Accelerating the pace of environmental research
MODISAzure is a pipeline for the download, processing, and reduction of diverse satellite imagery by using Windows Azure to deliver the results of massive cloud computational power to the desktops of researchers.
A mosaic of daily surface temperature data aggregated and reprojected from MODIS imagery using Windows AzureFor Dr. Youngryel Ryu, biogeoscience researcher at the University of California, Berkeley, the MODISAzure project dramatically changed the scale and the pace of the environmental research he can pursue.
“My initial intention was to study (evaporation and carbon fixing processes) for California. I am now using 10-year MODIS data for the U.S.,” Dr. Ryu said.
“The Azure system allowed me to ask more exciting and important questions and will help to answer them. It incredibly accelerated my work.”
Four-Stage Image Processing Pipeline
The MODISAzure project helped solve several obstacles to accessing the vast and varied remote sensing data from the MODIS satellites and other sources. The four-stage pipeline automates:
- Data upload from repositories such as the LPDAAC (Land Products Distributed Active Archive Center) and Goddard Space Center.
- Image reprojection and harmonization to common coordinates and resolutions.

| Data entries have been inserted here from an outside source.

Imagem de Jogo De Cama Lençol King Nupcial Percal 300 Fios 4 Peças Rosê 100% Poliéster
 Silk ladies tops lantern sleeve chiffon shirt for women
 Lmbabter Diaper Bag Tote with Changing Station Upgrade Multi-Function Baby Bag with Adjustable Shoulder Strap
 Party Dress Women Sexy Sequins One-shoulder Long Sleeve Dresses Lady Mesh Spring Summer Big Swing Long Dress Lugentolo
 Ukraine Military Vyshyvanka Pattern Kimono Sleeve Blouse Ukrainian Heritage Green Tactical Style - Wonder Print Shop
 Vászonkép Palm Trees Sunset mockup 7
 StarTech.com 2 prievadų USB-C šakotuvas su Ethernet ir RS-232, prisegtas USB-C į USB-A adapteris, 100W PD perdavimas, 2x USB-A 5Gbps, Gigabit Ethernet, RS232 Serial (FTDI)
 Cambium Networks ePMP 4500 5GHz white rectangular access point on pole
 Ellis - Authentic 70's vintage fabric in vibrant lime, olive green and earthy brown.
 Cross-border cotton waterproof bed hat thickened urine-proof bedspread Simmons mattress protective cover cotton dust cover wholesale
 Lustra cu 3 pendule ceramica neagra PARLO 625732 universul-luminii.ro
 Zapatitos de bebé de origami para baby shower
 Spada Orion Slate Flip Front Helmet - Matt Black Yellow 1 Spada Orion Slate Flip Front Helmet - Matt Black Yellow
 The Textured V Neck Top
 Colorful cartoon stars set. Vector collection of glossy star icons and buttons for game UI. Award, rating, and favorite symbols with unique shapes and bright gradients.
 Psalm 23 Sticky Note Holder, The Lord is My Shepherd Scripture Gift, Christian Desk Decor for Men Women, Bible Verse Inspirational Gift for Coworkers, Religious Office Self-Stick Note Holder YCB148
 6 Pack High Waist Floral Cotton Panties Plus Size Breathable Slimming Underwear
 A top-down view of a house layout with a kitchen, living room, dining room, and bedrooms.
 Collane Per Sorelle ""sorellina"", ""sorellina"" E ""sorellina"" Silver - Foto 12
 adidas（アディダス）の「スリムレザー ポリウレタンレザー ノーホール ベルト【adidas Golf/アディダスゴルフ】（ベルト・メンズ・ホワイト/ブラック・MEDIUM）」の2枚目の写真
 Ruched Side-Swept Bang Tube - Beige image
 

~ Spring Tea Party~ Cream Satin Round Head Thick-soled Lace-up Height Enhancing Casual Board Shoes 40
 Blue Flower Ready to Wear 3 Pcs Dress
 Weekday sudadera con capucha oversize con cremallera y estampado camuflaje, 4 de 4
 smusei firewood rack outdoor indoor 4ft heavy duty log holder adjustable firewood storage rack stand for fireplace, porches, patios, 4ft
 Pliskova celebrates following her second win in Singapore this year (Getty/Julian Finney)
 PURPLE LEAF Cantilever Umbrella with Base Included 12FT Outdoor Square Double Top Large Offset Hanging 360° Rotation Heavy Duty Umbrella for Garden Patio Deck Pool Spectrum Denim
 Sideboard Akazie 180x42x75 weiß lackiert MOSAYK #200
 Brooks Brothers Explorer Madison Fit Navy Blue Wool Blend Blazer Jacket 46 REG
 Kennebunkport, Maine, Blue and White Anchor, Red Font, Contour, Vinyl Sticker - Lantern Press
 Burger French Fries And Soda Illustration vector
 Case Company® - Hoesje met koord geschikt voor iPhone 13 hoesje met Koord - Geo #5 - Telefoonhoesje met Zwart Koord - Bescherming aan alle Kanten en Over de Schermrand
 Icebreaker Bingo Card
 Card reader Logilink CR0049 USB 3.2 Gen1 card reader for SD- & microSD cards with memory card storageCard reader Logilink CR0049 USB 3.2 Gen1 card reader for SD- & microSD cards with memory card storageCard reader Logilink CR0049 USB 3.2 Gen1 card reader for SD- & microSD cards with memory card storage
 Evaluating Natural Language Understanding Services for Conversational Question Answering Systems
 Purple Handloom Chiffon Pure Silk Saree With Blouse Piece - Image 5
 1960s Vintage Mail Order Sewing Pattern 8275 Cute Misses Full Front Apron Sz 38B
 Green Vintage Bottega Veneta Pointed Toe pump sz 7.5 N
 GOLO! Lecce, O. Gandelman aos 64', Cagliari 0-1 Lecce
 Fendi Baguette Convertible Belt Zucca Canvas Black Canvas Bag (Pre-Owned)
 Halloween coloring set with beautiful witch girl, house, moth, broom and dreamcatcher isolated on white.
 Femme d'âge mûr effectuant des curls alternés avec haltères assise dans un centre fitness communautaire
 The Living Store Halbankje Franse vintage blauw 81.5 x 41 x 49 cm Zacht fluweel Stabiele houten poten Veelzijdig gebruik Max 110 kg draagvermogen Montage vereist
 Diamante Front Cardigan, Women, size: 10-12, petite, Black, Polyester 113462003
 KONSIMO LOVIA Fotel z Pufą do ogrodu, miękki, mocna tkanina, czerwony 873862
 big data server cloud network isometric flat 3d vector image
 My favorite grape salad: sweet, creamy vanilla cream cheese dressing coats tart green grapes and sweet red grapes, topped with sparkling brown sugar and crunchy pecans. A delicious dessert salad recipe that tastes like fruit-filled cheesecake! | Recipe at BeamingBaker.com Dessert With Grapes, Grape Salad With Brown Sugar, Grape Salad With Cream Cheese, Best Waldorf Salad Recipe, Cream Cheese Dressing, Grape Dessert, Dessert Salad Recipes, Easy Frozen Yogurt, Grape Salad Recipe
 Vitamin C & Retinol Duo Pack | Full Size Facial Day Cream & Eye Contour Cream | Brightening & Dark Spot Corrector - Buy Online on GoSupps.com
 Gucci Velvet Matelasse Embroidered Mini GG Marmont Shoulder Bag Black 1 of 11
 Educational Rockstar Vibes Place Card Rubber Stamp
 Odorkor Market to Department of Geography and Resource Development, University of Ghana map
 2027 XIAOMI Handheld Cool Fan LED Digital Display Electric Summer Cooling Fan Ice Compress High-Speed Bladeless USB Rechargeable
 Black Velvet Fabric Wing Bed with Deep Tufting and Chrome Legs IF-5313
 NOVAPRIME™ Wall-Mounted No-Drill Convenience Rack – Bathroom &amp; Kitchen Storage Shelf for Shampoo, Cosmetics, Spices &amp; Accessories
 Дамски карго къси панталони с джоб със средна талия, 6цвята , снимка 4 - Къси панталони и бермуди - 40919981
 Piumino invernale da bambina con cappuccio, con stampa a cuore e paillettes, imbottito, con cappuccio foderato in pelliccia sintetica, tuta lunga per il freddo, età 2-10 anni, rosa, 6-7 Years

- On-demand execution of two algorithms provided by the scientist. The first algorithm is commonly used to generate a science variable; the second algorithm produces graphs, tables, and maps used to analyze the science result.
- Delivery of final results to the scientist’s desktop.
The four stages of the MODISAzure pipeline
The MODISAzure Service is a Windows Azure web role that receives all user requests and sorts requests to appropriate job queues—for download, reprojection, or reduction.
The Service Monitor is a dedicated worker role that parses all job requests into tasks, which are recoverable units of work, and tracks the execution status of all jobs and tasks using Windows Azure tables for persistent storage.
MODISAzure architectural overview
Role of the Generic Worker
A specialized worker role, called the Generic Worker, performs all work in the pipeline. The Generic Worker dequeues tasks created by the Service Monitor from the appropriate Task Queue and creates a corresponding entry in the appropriate TaskStatus table. To execute the task, the worker loads any necessary libraries and the science executable and marshals storage between the Azure blob storage and local Azure worker instance files. Task status is tracked during execution in the TaskStatus table entry. The Generic Worker will attempt up to three retries of the task execution to masks transient errors on the Azure fabric, blob store, or VM configuration.
The Generic Worker tracks tasks in the pipeline
Storage for MODISAzure is separated by usage to simplify management policies. The four storage types and principles for managing them are:
- Original source image download: Can be deleted when all dependent reprojections are complete.
- Reduction results: A zip-file blob is created for each job to simplify the download. Older results are removed based on age.
- Reprojection results: May include the same target tile at different spatial resolution.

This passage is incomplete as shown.